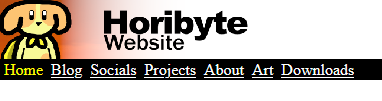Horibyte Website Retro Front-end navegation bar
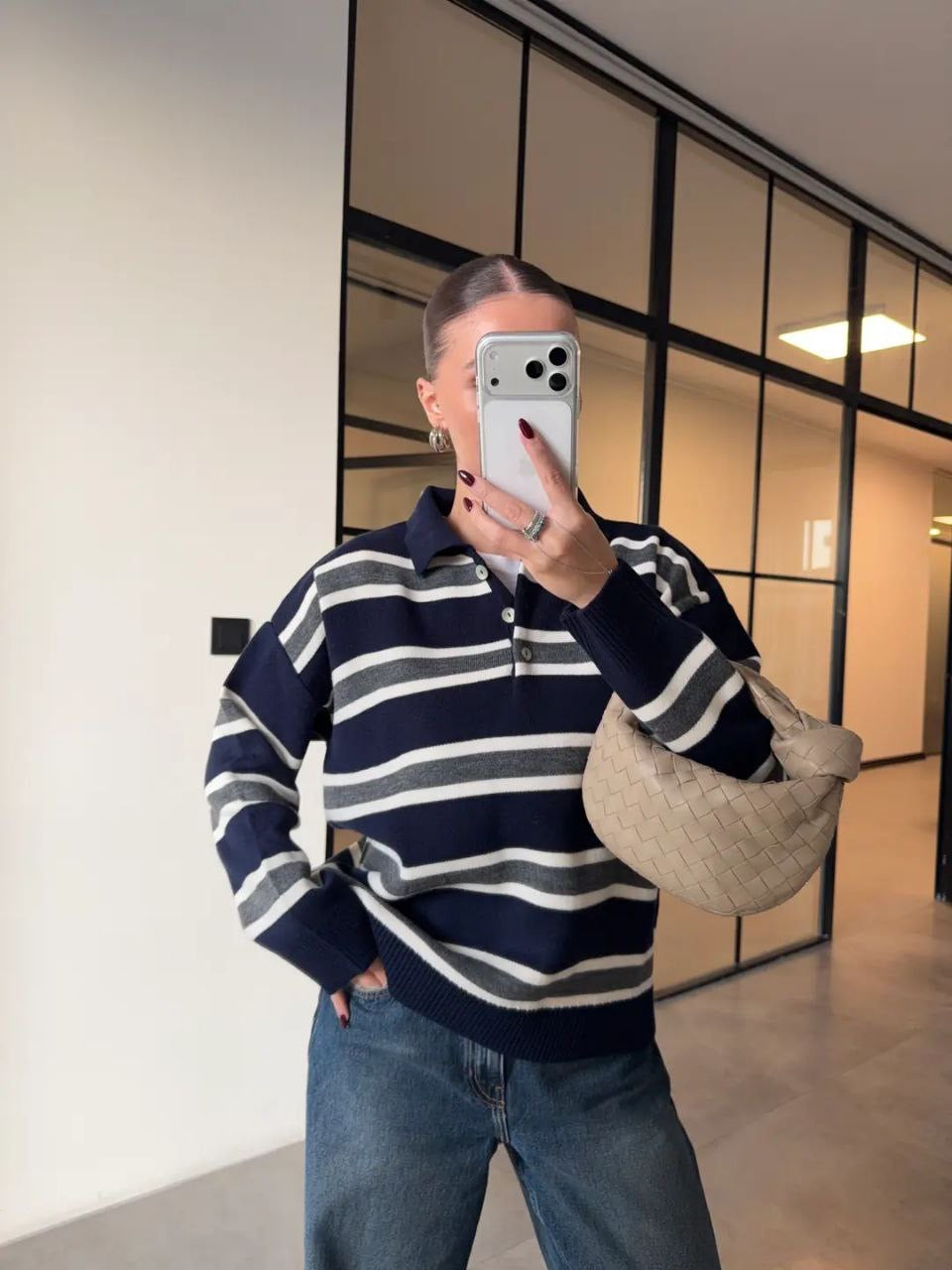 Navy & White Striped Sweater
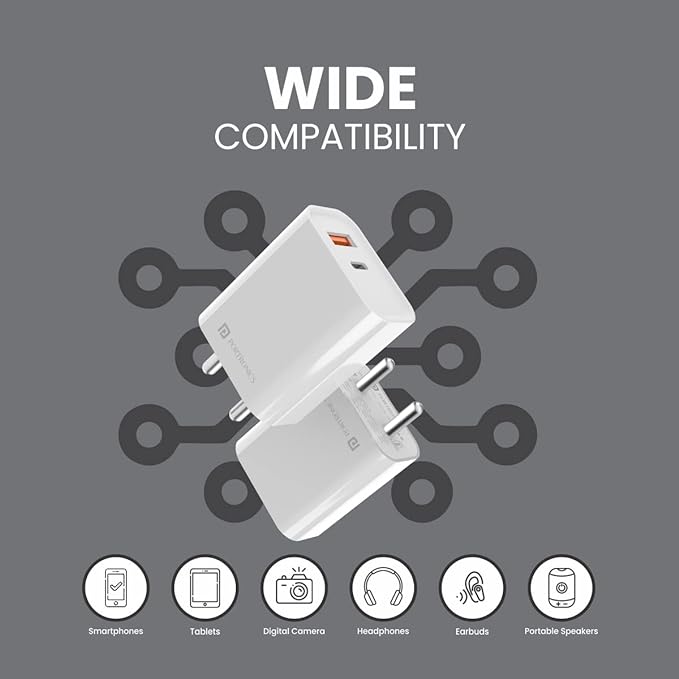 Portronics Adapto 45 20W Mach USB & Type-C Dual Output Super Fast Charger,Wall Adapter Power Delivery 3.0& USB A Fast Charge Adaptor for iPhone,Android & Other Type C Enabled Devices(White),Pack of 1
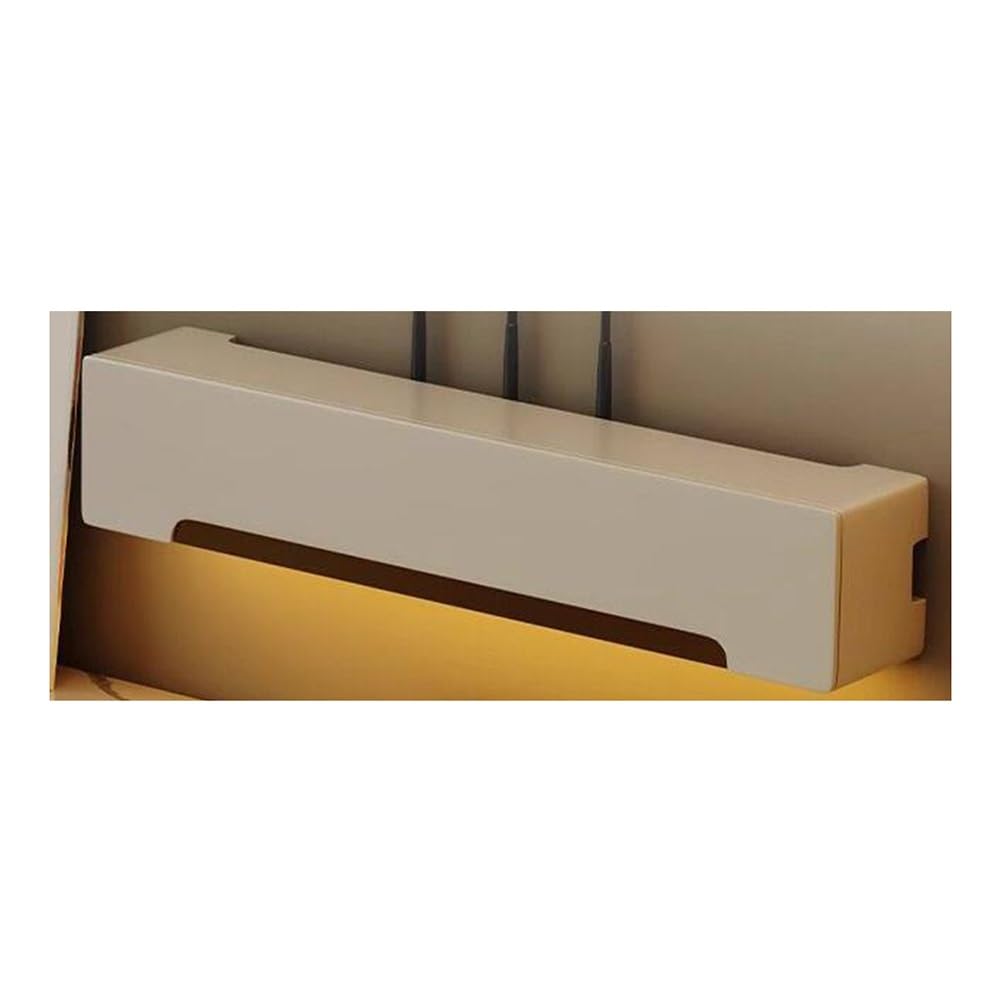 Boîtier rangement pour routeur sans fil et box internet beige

____________

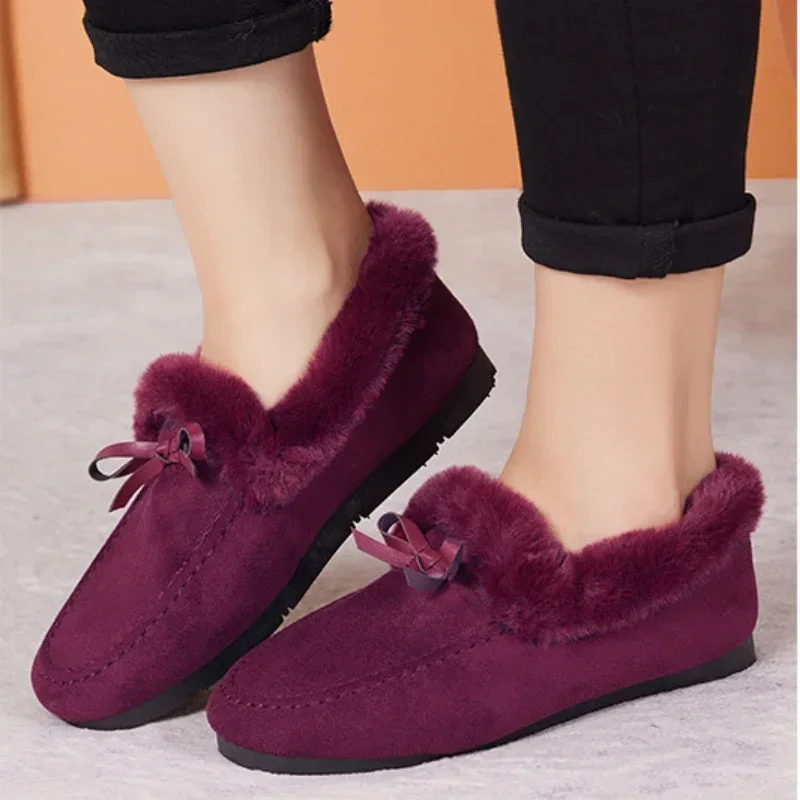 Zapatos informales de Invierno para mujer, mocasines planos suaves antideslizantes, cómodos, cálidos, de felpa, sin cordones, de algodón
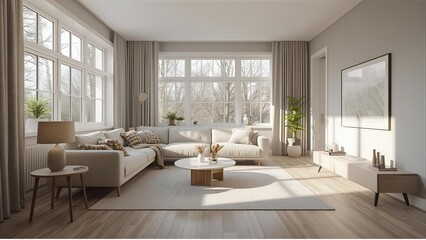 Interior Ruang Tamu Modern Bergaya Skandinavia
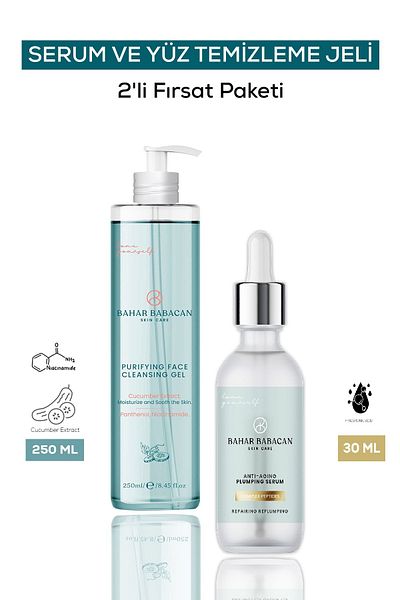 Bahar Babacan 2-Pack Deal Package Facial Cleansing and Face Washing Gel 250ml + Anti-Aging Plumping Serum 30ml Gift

____________

§ Assigned task: Above is the material; set down exactly its lines from the one containing "Zapatos informales de" down to the one containing "Bahar Babacan 2-Pack", both included, leaving out any pictures.

§ Exercise result:
 Zapatos informales de Invierno para mujer, mocasines planos suaves antideslizantes, cómodos, cálidos, de felpa, sin cordones, de algodón
 Interior Ruang Tamu Modern Bergaya Skandinavia
 Bahar Babacan 2-Pack Deal Package Facial Cleansing and Face Washing Gel 250ml + Anti-Aging Plumping Serum 30ml Gift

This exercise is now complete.